Personal information
- Date of birth: May 8, 1966 (age 60)
- Place of birth: Livermore, California, U.S.
- Height: 5 ft 6 in (1.68 m)
- Positions: Forward; midfielder;

College career
- Years: Team / Apps / (Gls)
- 1986: Ohlone Renegades
- 1987–1989: Cal State East Bay Pioneers

Senior career*
- Years: Team / Apps / (Gls)
- 1990: Salt Lake Sting / 18 / (1)
- 1992: Palo Alto Firebirds / 20 / (7)
- 1992: Milwaukee Wave (indoor) / 6 / (3)
- 1993–2001: Sacramento Knights (indoor) / 177 / (50)

= Craig Huft =

American soccer player

Craig Huft is an American retired soccer player who played professionally in the American Professional Soccer League, National Professional Soccer League and Continental Indoor Soccer League. He was 1992 USISL All League.

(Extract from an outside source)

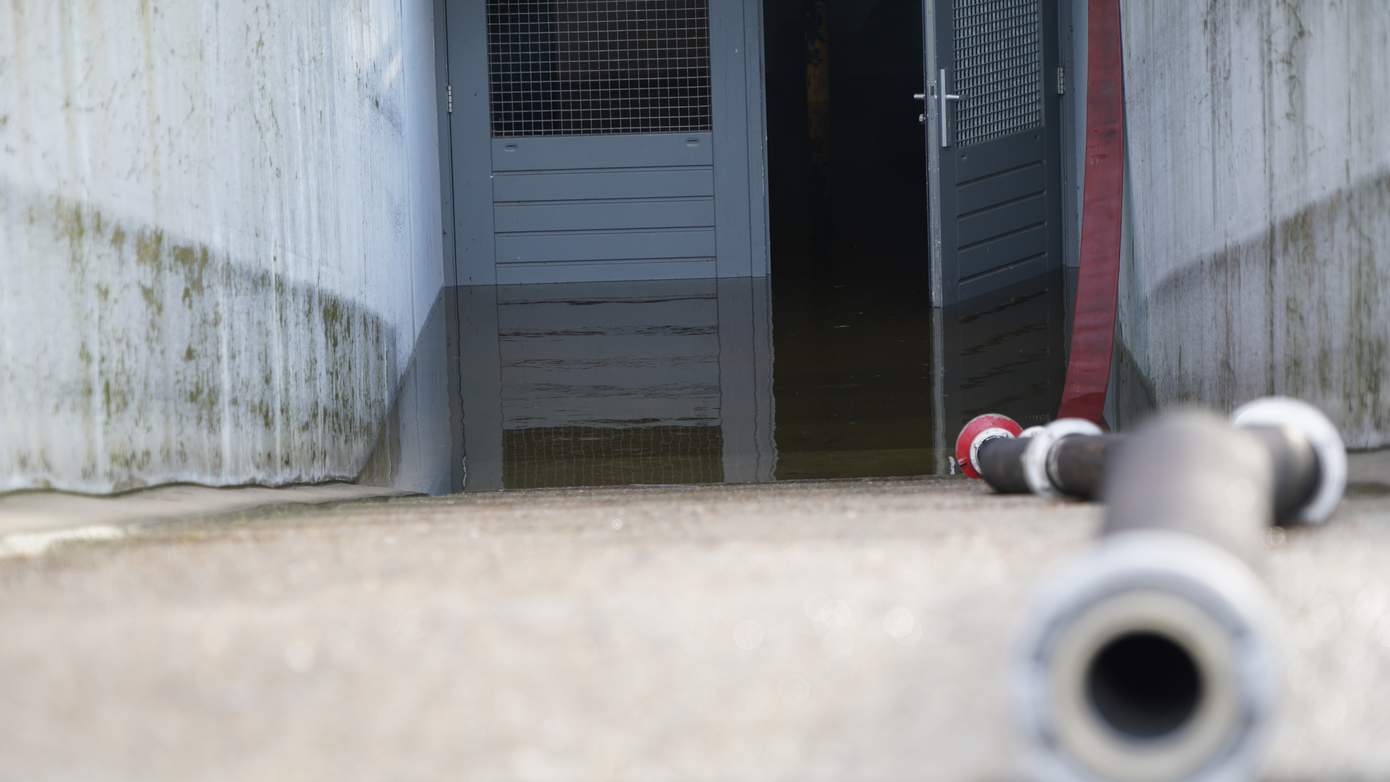 Kelder van Gomarus college in Groningen staat vol water maar brandweer kan niks doen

In 1986, Huft began his collegiate career at Ohlone College. He then transferred to Cal State Hayward where he played from 1987 to 1989. In 1988, he was NCAC Second Team All-Conference and in 1989 he was NSCAA First Team All-West Region. He was also captain of the 1989 team that went to the NCAA Division II Final Four in Greensboro, North Carolina. In 1990, Huft turned professional with the Salt Lake Sting of the American Professional Soccer League. In 1992, he played for the Palo Alto Firebirds in the USISL. The Firebirds won the league championship and Huft was named First Team All League. In November 1992, Huft signed with the Milwaukee Wave of the National Professional Soccer League. On December 4, 1992, the Wave released Huft after he played only six games, scoring three goals. In 1993, he signed with the Sacramento Knights of the Continental Indoor Soccer League. Huft remained with the Knights until the team ceased operations in 2001. Over Huft's nine seasons with the Knights, the team played in the Premier Soccer Alliance and the World Indoor Soccer League.